The operational goal of this part:

Move from “Pods can talk unless something blocks them” to “Pods can talk only when an explicit contract allows it.”

This part focuses on Kubernetes-native NetworkPolicy and the cloud-specific realities of AWS EKS and Azure AKS. It does not cover service mesh authorization in depth. Mesh policy, mTLS, and L7 authorization belong later when we discuss platform security and traffic governance. Here we build the L3/L4 foundation.


1. The Mental Model

A NetworkPolicy is not a route.

It does not create connectivity. It constrains connectivity that already exists.

The Kubernetes API stores the intent.

The CNI/network policy implementation enforces the intent.

The most important invariant:

A NetworkPolicy only works if the cluster networking implementation supports it.

Kubernetes accepts the object even if the dataplane ignores it. That is one of the most dangerous footguns in production: YAML exists, but enforcement does not.


2. What NetworkPolicy Actually Controls

Standard Kubernetes NetworkPolicy controls traffic at layer 3 and layer 4:

  • source/destination Pod labels;
  • source/destination namespace labels;
  • IP CIDR blocks;
  • TCP, UDP, or SCTP ports;
  • ingress direction;
  • egress direction.

It does not understand normal HTTP application semantics:

  • URL path;
  • HTTP method;
  • JWT claims;
  • tenant ID;
  • request body;
  • application role;
  • business permission.

That means this is valid thinking:

“Only the frontend Pod may call the checkout Pod on TCP 8080.”

This is not standard NetworkPolicy thinking:

“Only users with role admin may call POST /approve.”

For that you need application authorization, API gateway policy, service mesh policy, or a combination.


3. Default Behavior: Allow Until Isolated

A fresh namespace with no policies is usually open inside the cluster.

The subtle part: policies are selective.

A Pod becomes isolated for ingress when at least one ingress NetworkPolicy selects it.

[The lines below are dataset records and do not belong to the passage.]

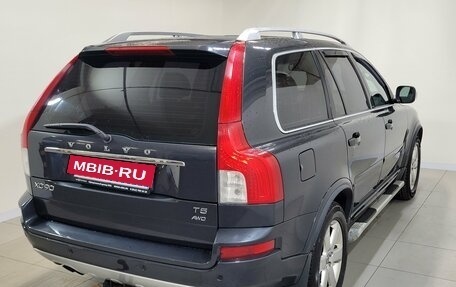 Volvo XC90 II рестайлинг, 2012 год, 1 380 000 рублей, 5 фотография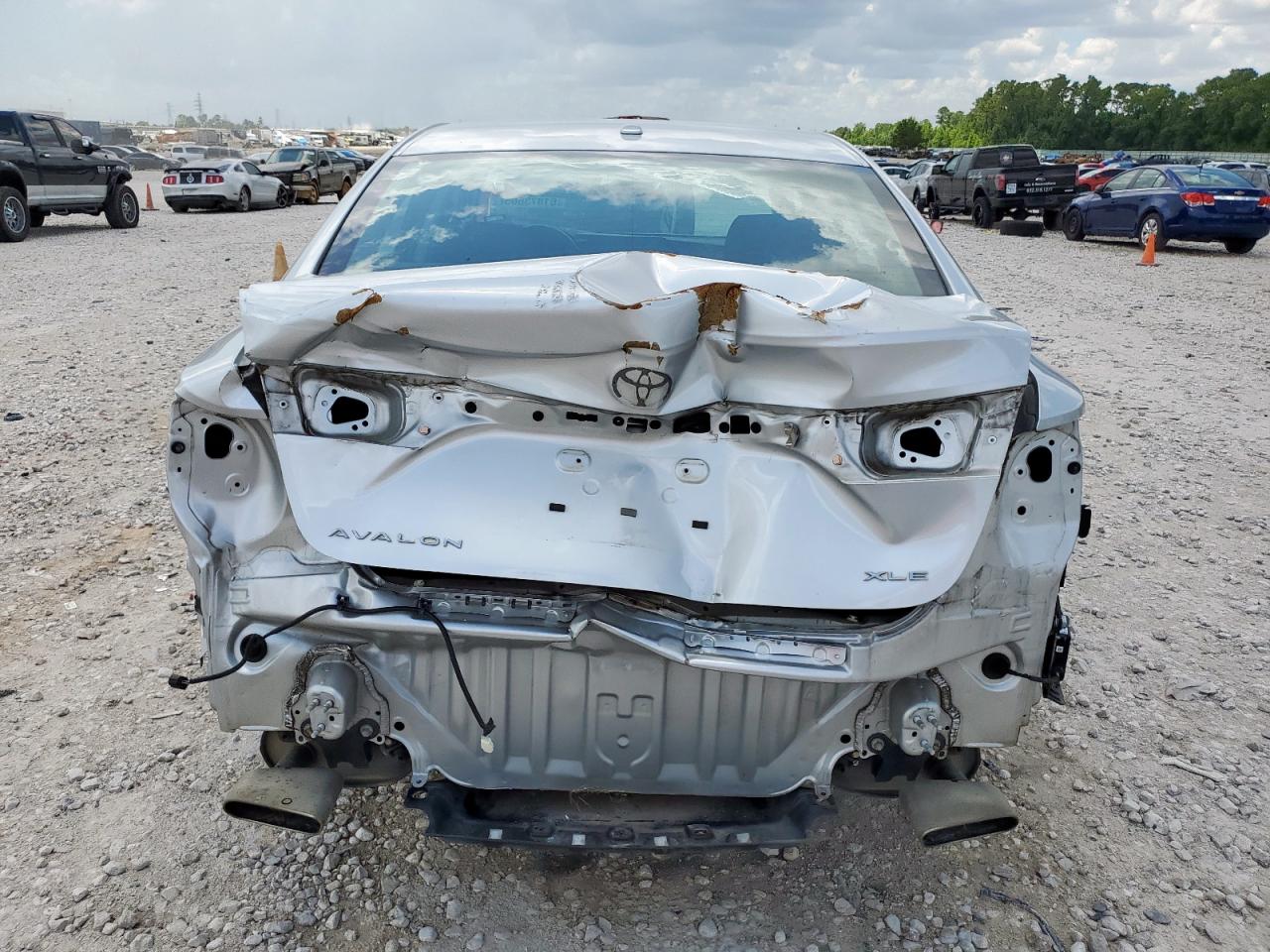 2013 Toyota Avalon Base VIN: 4T1BK1EB2DU074923 Lot: 61873665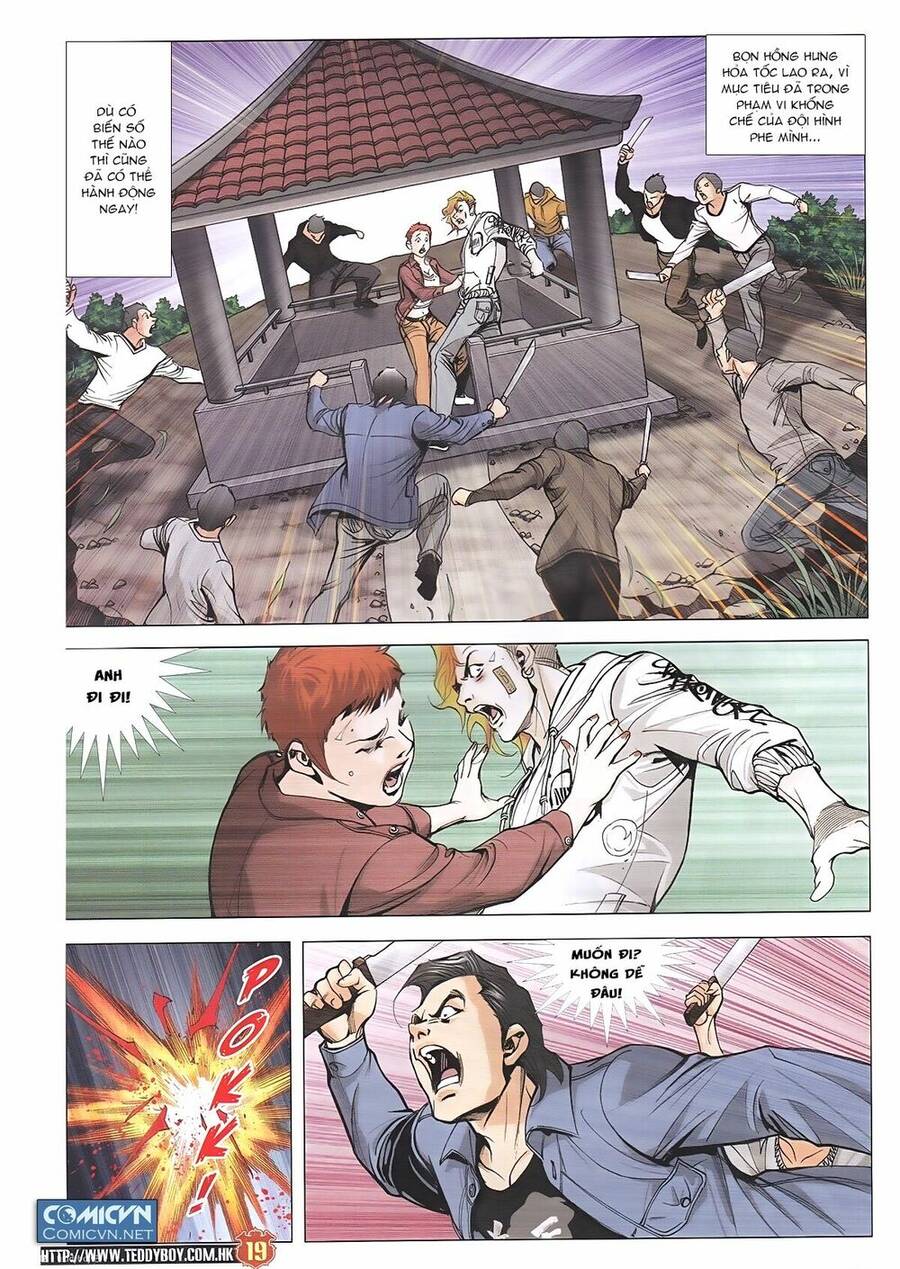 Người Trong Giang Hồ Chap 1982 - Next Chap 1983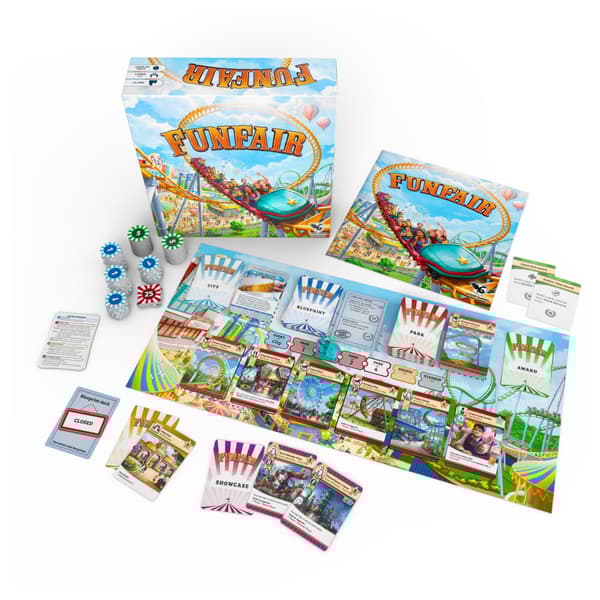 Funfair
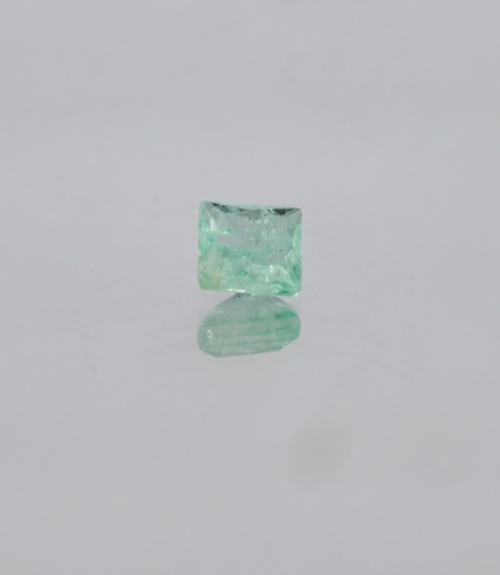 Берилл природный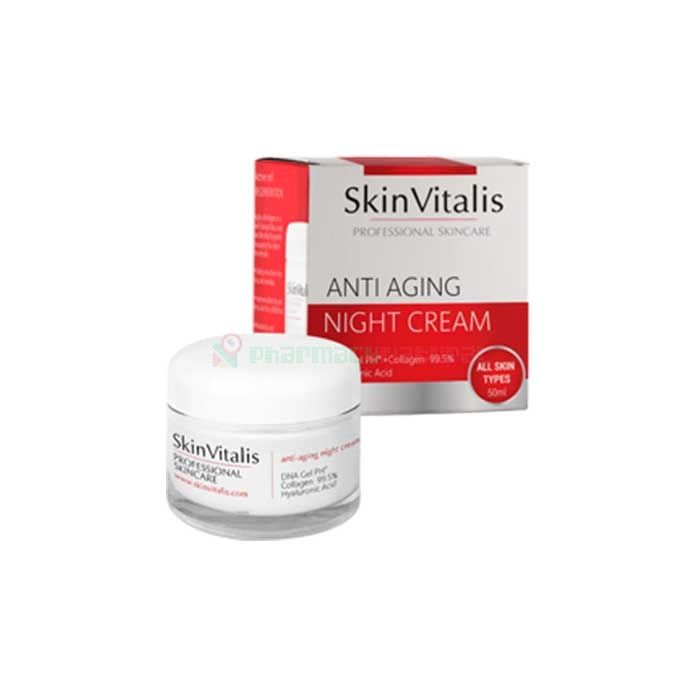 SkinVitalis - creme para rejuvenescimento em Agualve Kasena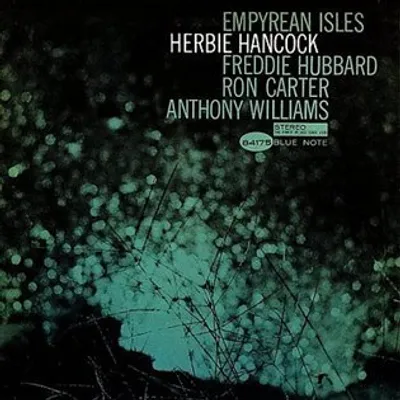 Obrázok produktu pre Empyrean Isles - Herbie Hancock LP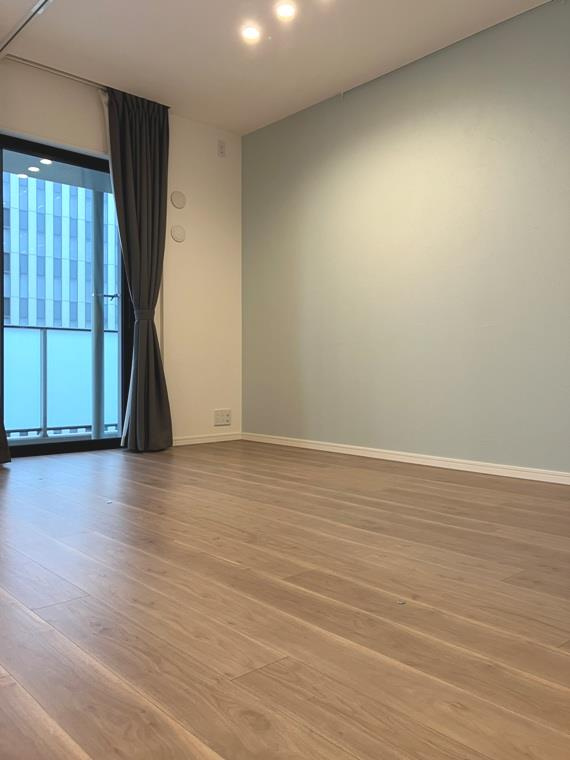 グランドメゾン品川シーサイドの杜の寝室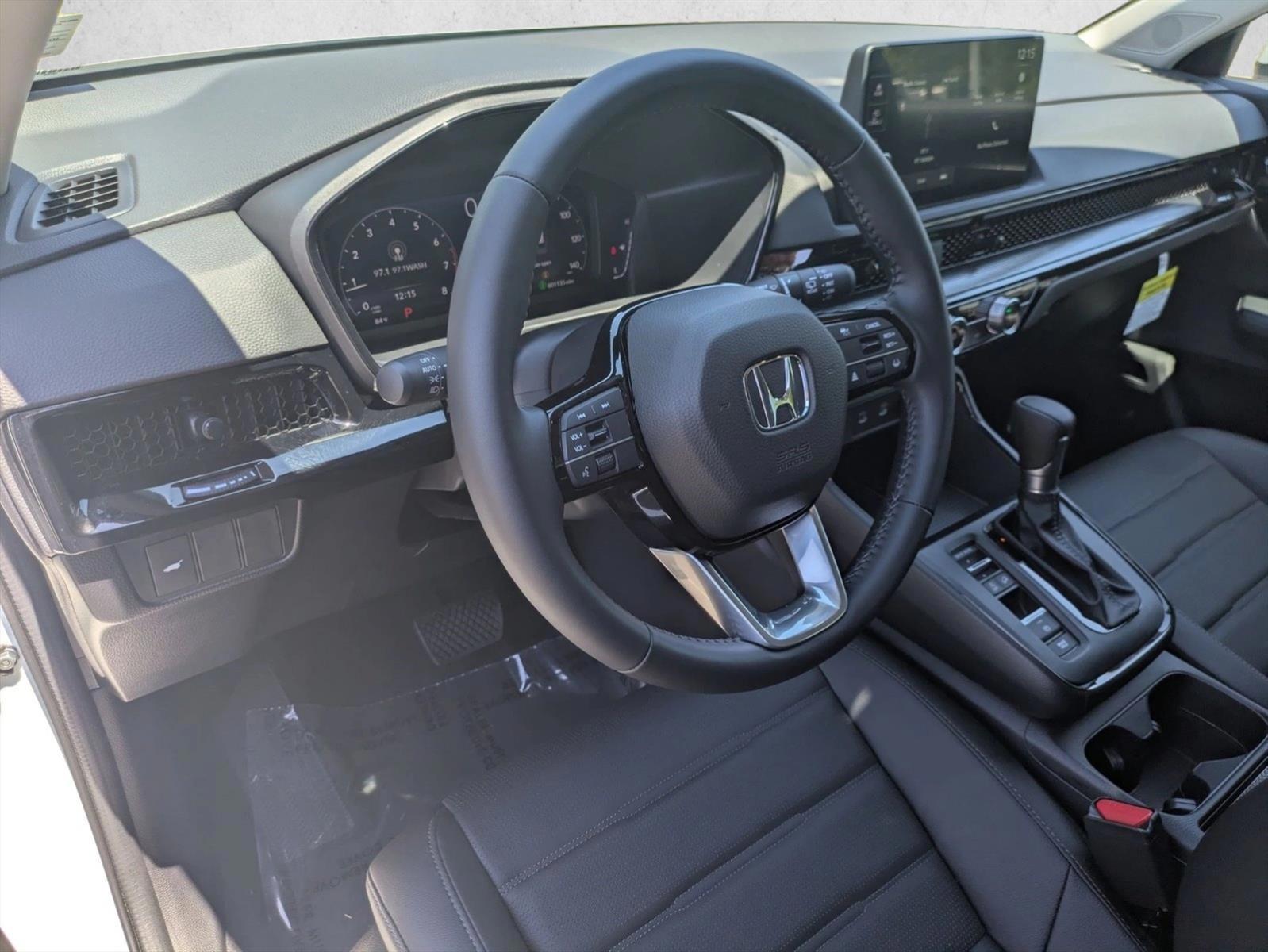 Thumbnail: 2026 Honda CR-V - 3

A Pod becomes isolated for egress when at least one egress NetworkPolicy selects it.

The additive union rule is critical.

If one policy allows frontend -> api:8080, and another policy allows metrics -> api:9090, both are allowed. Policies do not override each other like firewall rules with ordered priority. Standard NetworkPolicy has no explicit deny rule. It is allowlist-based once isolation applies.

This design is simple but requires discipline.


4. The Production Problem

Most teams implement Kubernetes networking backward.

They start with a working app, then try to “add policies” after traffic is already complex.

That creates three problems:

  1. Nobody knows the real dependency graph.
  2. DNS, metrics, ingress controller, webhooks, and cloud integrations break unexpectedly.
  3. Engineers add broad allow rules to recover service quickly.

The result is theater: a few YAML files exist, but lateral movement is still wide open.

The correct production sequence is different:

Network policy is not a one-time manifest. It is a living traffic contract.


5. Label Design Is the Real Firewall Design

NetworkPolicy depends heavily on labels. Bad labels produce bad policy.

Do not build policies around accidental labels such as:

app: service
version: v1
pod-template-hash: 68f9dd7c6f

pod-template-hash changes. version changes. app: service may not mean anything across teams.

Use stable identity labels.

A good minimal contract:

app.kubernetes.io/name: checkout
app.kubernetes.io/component: api
app.kubernetes.io/part-of: commerce
platform.company.io/tier: backend
platform.company.io/exposure: internal

For namespaces:

platform.company.io/environment: prod
platform.company.io/domain: commerce
platform.company.io/tenant: shared

The invariant:

If labels are unstable, security rules are unstable.

Before writing network policies, standardize workload and namespace labels.


6. Anatomy of a NetworkPolicy

A typical policy has four questions:

  1. Which Pods does this policy select?
  2. Which direction does it constrain?
  3. Which peers are allowed?
  4. Which ports/protocols are allowed?

Example: allow only frontend Pods in the same namespace to call checkout-api on port 8080.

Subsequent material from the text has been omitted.